Dal 13 ottobre 2023: Giulio Cesare in Egitto, capolavoro di Georg Friedrich Handel, sarà in scena al Teatro dell’Opera di Roma, con regia di Damiano Michieletto, e il maestro Rinaldo Alessandrini (grande specialista del repertorio barocco) alla guida dell’orchestra dell’Opera di Roma. La prima di venerdì 13 ottobre, in diretta da Radio3 Rai, è preceduta dall’Anteprima giovani riservata ai minori di 26 anni mercoledì 11 (ore 19) e seguita dalla Lezione di Opera tenuta da Giovanni Bietti sabato 14 ottobre (ore 16).

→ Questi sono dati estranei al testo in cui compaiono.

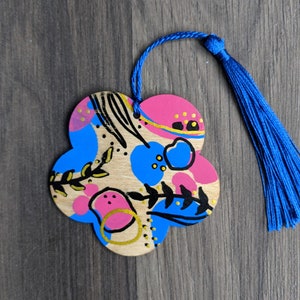 May include: A wooden, flower-shaped ornament with a blue tassel. The ornament is painted with pink, blue, and gold abstract shapes and black line art. A blue cord is attached for hanging.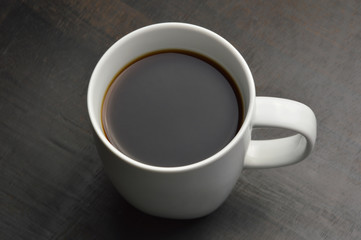Cup of coffee on black wood table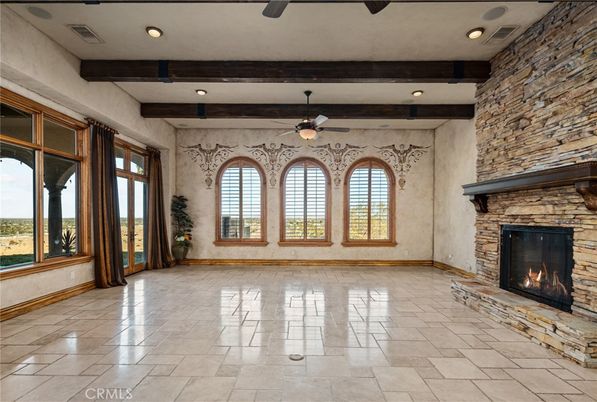 Empty room, Fireplace, Interior, Recessed Lighting, Stone Walls, Wooden Beams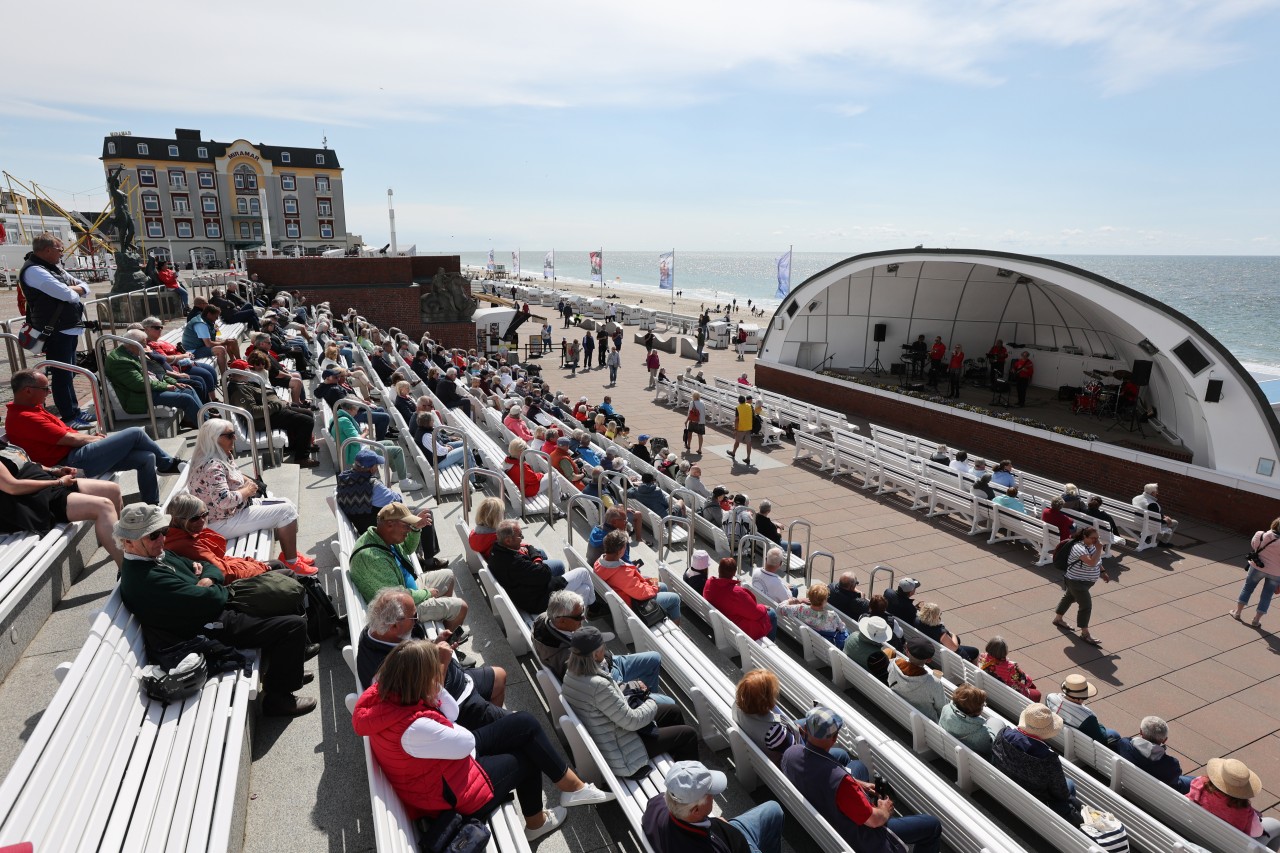 Besucher auf Sylt verfolgen an der Kurpromende an der "Musikmuschel" ein Konzert.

Protagonisti tre grandi controtenori quali Raffaele Pe (nel ruolo di Giulio Cesare), Aryeh Nussbaum Cohen (nella parte di Sesto Pompeo) e Carlo Vistoli (come Tolomeo), affiancati da Mary Bevan (come Cleopatra) e Sara Mingardo (come Cornelia). In scena anche il baritono Rocco Cavalluzzi (Achilla) il controtenore Angelo Giordano (come Nireno) e il baritono Patrizio La Placa (come Curio). Accanto a Michieletto sono impegnati Paolo Fantin per la realizzazione delle scene, Agostino Cavalca per i costumi e Alessandro Carletti per le luci. I movimenti coreografici sono firmati da Thomas Wilhelm.
Giulio Cesare è stata composta da Händel nel 1723. Il libretto di Nicola Francesco Haym, deriva da un testo preesistente di Giacomo Francesco Bussani – musicato da Antonio Sartorio e rappresentato per la prima volta nel 1677 a Venezia – modificato e aggiornato con nuove arie e recitativi.
Di ambientazione esotica, l’opera si ispira alla campagna egiziana intrapresa dal generale romano tra il 48 e il 47 a. C. Introdotta da una trionfale ouverture, comincia con l’arrivo di Cesare ad Alessandria d’Egitto per inseguire il nemico Pompeo, in fuga dopo la sconfitta di Farsalo.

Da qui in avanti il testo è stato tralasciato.